You can easily create a suffix array in Python

Source: Internet
Author: User

I want to tell you a story about the suffix array. For a while, I was interviewing at a company in Seattle, when I was curious about how to most effectively create an executable binary file diff . My research brought me a suffix array and a suffix tree. The suffix array simply sorts all the suffixes of the string and stores them in the ordered list. The suffix tree is similar, but more like a list BSTree . These algorithms are fairly simple, and once you have a sort operation, they have fast performance. The problem they solved was to find the longest common substring between two strings (or in this case a byte list).

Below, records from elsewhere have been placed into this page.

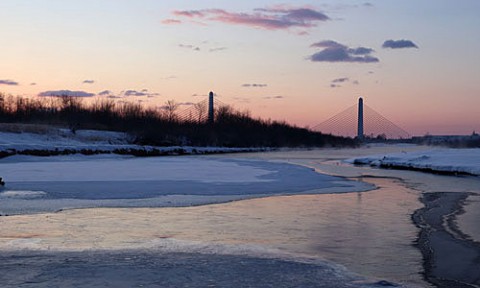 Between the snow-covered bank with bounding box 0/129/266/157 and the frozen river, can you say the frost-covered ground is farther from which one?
the frozen river

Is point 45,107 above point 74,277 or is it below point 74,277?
above

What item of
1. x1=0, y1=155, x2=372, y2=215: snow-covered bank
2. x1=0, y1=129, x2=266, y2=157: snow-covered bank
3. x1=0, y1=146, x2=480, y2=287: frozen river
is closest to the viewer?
x1=0, y1=146, x2=480, y2=287: frozen river

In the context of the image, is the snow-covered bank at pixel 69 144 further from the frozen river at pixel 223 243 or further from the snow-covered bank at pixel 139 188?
the frozen river at pixel 223 243

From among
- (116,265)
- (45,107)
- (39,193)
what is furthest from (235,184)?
(45,107)

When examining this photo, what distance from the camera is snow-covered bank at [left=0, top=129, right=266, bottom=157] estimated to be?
4131 cm

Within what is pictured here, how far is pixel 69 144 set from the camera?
5188cm

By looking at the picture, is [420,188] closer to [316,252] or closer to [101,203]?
[101,203]

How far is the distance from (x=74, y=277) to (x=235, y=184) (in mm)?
13365

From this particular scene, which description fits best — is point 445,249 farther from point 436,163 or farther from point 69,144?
point 69,144

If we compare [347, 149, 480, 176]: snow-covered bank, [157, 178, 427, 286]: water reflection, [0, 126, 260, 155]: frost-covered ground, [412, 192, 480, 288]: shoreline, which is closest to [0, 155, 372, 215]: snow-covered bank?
[157, 178, 427, 286]: water reflection

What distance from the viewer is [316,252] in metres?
8.50

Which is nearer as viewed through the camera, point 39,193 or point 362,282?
point 362,282

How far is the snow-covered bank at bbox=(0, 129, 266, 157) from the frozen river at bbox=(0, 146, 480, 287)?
27767 mm

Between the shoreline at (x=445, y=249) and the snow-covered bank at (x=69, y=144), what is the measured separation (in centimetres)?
3106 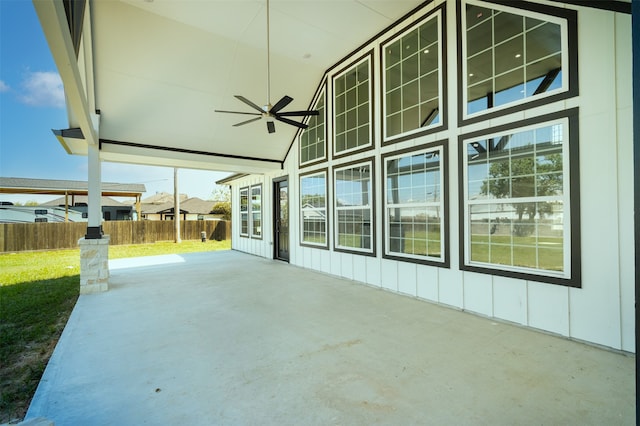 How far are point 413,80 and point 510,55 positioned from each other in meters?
1.43

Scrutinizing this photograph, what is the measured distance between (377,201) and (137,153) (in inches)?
210

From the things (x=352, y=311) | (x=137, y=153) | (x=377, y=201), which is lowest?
(x=352, y=311)

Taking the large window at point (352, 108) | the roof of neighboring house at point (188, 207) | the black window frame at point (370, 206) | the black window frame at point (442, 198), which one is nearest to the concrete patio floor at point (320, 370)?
the black window frame at point (442, 198)

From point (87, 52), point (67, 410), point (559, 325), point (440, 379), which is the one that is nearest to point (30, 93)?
point (87, 52)

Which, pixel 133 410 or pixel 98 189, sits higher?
pixel 98 189

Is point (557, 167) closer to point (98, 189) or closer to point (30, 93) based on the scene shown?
point (98, 189)

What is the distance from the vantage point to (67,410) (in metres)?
1.99

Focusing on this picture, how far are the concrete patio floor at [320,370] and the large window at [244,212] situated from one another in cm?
646

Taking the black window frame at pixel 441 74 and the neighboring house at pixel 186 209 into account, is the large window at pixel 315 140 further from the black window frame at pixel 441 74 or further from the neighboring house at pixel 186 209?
the neighboring house at pixel 186 209

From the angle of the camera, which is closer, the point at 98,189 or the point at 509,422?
the point at 509,422

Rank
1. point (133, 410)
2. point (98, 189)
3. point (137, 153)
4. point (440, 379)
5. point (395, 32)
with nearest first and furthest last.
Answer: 1. point (133, 410)
2. point (440, 379)
3. point (395, 32)
4. point (98, 189)
5. point (137, 153)

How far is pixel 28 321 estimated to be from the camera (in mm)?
3826

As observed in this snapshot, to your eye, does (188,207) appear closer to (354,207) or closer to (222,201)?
(222,201)

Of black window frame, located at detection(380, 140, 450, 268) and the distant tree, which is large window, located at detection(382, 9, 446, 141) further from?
the distant tree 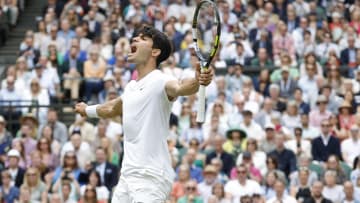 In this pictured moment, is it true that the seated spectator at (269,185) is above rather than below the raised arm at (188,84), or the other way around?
below

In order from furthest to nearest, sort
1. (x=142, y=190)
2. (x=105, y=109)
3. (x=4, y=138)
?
(x=4, y=138), (x=105, y=109), (x=142, y=190)

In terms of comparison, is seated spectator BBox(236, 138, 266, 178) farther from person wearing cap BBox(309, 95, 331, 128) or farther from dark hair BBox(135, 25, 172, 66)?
dark hair BBox(135, 25, 172, 66)

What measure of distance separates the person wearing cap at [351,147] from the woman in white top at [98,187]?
391 centimetres

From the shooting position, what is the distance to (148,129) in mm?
9641

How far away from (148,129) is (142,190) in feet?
1.68

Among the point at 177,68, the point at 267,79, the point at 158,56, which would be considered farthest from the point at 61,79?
the point at 158,56

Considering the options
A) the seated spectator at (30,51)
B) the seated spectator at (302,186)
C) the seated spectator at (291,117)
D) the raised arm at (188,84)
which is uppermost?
the raised arm at (188,84)

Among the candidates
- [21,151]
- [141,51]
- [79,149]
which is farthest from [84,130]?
[141,51]

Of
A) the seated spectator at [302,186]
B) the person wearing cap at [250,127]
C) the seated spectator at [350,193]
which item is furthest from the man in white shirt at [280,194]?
the person wearing cap at [250,127]

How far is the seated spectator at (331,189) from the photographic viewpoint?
56.1 ft

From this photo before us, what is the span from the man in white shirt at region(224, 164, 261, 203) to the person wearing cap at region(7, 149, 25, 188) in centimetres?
335

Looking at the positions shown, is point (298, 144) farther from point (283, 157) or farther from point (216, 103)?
point (216, 103)

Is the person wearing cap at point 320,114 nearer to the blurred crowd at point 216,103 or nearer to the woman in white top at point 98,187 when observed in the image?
the blurred crowd at point 216,103

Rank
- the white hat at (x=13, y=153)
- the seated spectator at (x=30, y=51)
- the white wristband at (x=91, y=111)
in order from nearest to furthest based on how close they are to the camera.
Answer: the white wristband at (x=91, y=111) → the white hat at (x=13, y=153) → the seated spectator at (x=30, y=51)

You can easily create a suffix array in Python:

>>>Magic="Abracadabra">>>Magic_sa=[]>>>ForIInchRange(0,Len(Magic)):...Magic_sa.Append(Magic[I:])...>>>Magic_sa[' Abracadabra ',' Bracadabra ',' Racadabra ',' Acadabra ',' Cadabra ',' Adabra ',' Dabra ',www.rcsx.org' Abra ',' Bra ',' Ra ', ' a ' ]>>> magic_sa = sorted (magic_sa) >>> magic_sa[ ' a '  ' Abra '  ' Acadabra '  Span class= "s" > ' Adabra '  ' bra '  ' Bracadabra '  ' Dabra '  Ra '  ' Racadabra ' ]>>>     

As you can see, I just remove the suffix of the string sequentially, and then sort the list. But what does this do for me? Once I have this list, I can find any suffix I want through this list of binary searches. This example is very primitive, but in the actual code, you can quickly do it, you can track all the original index, so you can refer to the original location of the suffix. It is very fast compared to other search algorithms and is useful for things like DNA analysis.

Back to Seattle's interview. I was interviewed by C + + programmers in this cold room for a job in Java. You can conclude that this is not a very interesting interview and I would never think I would get the job. Over the years, I didn't write any C + +, and the job was for Java, when I was a Java expert. The next interviewer came, and he asked me, "How do I find substrings in a string?" ”

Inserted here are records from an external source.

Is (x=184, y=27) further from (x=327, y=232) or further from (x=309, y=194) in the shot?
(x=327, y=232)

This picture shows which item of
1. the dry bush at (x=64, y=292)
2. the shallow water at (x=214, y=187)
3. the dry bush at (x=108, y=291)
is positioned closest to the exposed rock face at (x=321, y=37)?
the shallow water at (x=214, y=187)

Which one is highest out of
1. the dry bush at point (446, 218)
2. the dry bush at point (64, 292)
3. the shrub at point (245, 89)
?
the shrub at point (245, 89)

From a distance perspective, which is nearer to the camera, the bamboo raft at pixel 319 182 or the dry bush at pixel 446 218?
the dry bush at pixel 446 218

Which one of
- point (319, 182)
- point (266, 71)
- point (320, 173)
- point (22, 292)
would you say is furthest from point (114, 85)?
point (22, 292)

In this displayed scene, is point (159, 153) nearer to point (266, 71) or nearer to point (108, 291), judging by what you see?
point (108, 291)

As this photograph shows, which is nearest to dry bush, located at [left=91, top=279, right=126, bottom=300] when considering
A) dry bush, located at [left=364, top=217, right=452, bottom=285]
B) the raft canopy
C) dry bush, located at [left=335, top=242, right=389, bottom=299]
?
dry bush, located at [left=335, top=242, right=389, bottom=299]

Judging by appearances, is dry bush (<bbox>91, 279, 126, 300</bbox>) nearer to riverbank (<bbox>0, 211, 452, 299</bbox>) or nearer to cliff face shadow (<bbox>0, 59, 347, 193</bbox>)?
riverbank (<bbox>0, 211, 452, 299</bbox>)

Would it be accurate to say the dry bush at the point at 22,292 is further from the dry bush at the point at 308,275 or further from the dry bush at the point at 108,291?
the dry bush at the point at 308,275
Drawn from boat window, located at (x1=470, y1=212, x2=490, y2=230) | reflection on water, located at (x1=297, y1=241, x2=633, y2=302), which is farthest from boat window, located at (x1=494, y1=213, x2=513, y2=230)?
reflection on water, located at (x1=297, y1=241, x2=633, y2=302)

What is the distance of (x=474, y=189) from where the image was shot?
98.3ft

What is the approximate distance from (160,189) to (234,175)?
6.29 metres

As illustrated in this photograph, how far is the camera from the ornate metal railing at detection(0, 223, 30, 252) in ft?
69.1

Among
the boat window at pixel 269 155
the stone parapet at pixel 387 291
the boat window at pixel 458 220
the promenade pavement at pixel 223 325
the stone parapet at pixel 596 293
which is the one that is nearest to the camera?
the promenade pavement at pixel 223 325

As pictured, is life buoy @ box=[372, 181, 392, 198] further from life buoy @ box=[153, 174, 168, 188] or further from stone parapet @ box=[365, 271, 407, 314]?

That's great! I have been studying the problem in my spare time. Of course I know! I jumped up and went to the whiteboard and explained to that guy how to make a suffix tree, how it improves search performance, how faster a modified heap is sorted, how the suffix tree works, why it's better than a three-pronged search tree, and how to implement it in C. I think if I can show how to write in C, then this will prove that I'm not just a core competency of Java code workers.

The guy was shocked, just as I opened a bag of fresh durian in the interview room. He looked at the board and stammered, "Well, am I looking for something about the Boyer-moore search algorithm?" Do you know? I said with a frown: " Yes, just like 10 years ago." He shook his head, took his things, and got up and said, "Well, I 'll let everyone know what I think." ”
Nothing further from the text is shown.